Pitching Coach: Bob McClure
There may not be many men better suited to tackling the unique challenges faced by the Red Sox' pitching staff this season than Bob McClure. With both Daniel Bard and Alfredo Aceves facing the possibility of moving from the bullpen to the rotation, McClure knows exactly what it is they're facing.
A veteran of 19 seasons in the major leagues, McClure made the jump from the pen to the rotation in 1982 with the Milwaukee Brewers. Three decent-but-unspectacular seasons later, and he was back in the bullpen, where he would spend the rest of his career, racking up a total of 1158 innings pitched.
Since retiring in 1983, McClure has acted as a pitching coach for the Rockies and Royals. Despite presiding over a season which saw the Royals' pitching staff put up better peripherals than they had since 2008, McClure was let go at the end of the season. The Sox quickly signed him on to work in their farm system before ultimately giving him the nod as their Major League pitching coach.
Hitting Coach: Dave Magadan
It's hard to argue with the results of Dave Magadan over the years. While he's had plenty of talent to work with, the Red Sox have consistently been among the best offensive teams in the league season after season, and last year was no different.
The biggest issue for Magadan this season will be trying to work out what went wrong with Carl Crawford this year. While the breakout season of Jacoby Ellsbury helped to mask the damage done by Crawford last year, a second terrible season from the left fielder would establish a trend few players break out from.
Bench Coach: Tim Bogar
Perhaps the best news coming from the announcement of the new coaching staff was not that Tim Bogar was still with the team, but that he was gone from third base. After two years of runners being gunned down at home, Bogar--oft considered a top managerial candidate--has been moved to a position perhaps more suitable for his talents. Sitting on the bench, Bogar won't be making any split-second decisions, but he will be able to help new manager Bobby Valentine meld with the team given the familiarity he has with the players after three years with the Sox.
Third-Base Coach: Jerry Royster
A man with more experience as a manager than a coach, Jerry Royster hasn't been at third for nearly a decade now. Still, when Bobby Valentine went looking for an experienced hand, he landed on Royster. A well-traveled man, Royster was the first foreigner to manage in the Korean league when he took over the Lotte Giants.

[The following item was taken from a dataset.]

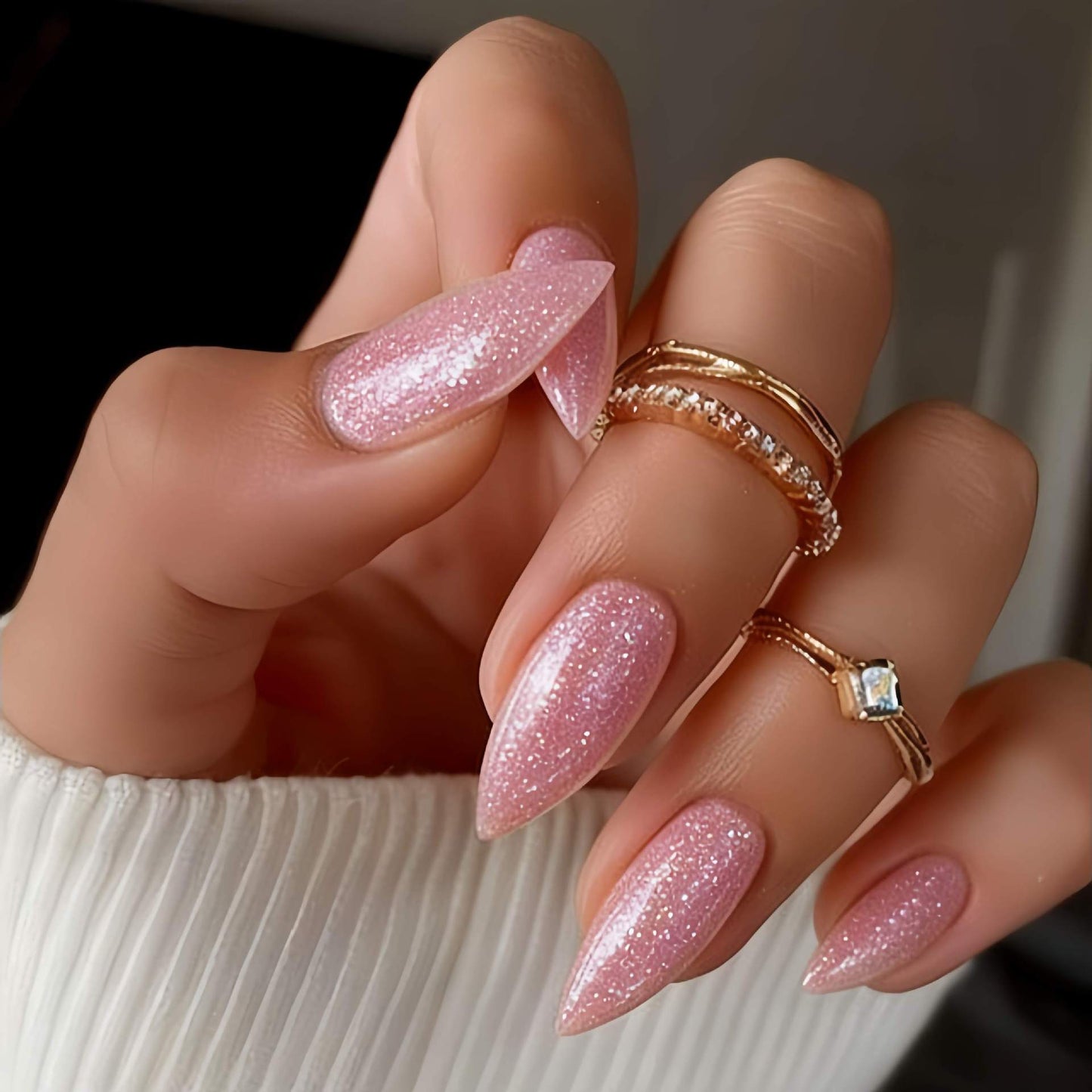 Glitzerndes mandelförmiges Press-On-Nagelset Brehn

Royster does have some experience running the basepaths from his 16 seasons in the majors, too. While his period of effective base-swiping was limited mainly to five early years with the Braves, he did manage to snag 189 in his career. Hopefully he'll show a bit more caution than he did in those years too, as his 95 times caught suggest a too-agressive approach.
Still, he can't be worse than Bogar.
First-Base Coach: Alex Ochoa
One of the younger coaches in the game today, 39-year-old Alex Ochoa isn't far removed from his playing career. While Ochoa last appeared in the Majors in 2002 with the Angels, the former outfielder enjoyed a decent career in Japan, breaking to join the Pawtucket Red Sox in 2007.
Since his retirement, Ochoa has worked in the Red Sox organization. Well liked by those who work in and around the organization, this is the start of what could be a bright coaching career in the Majors.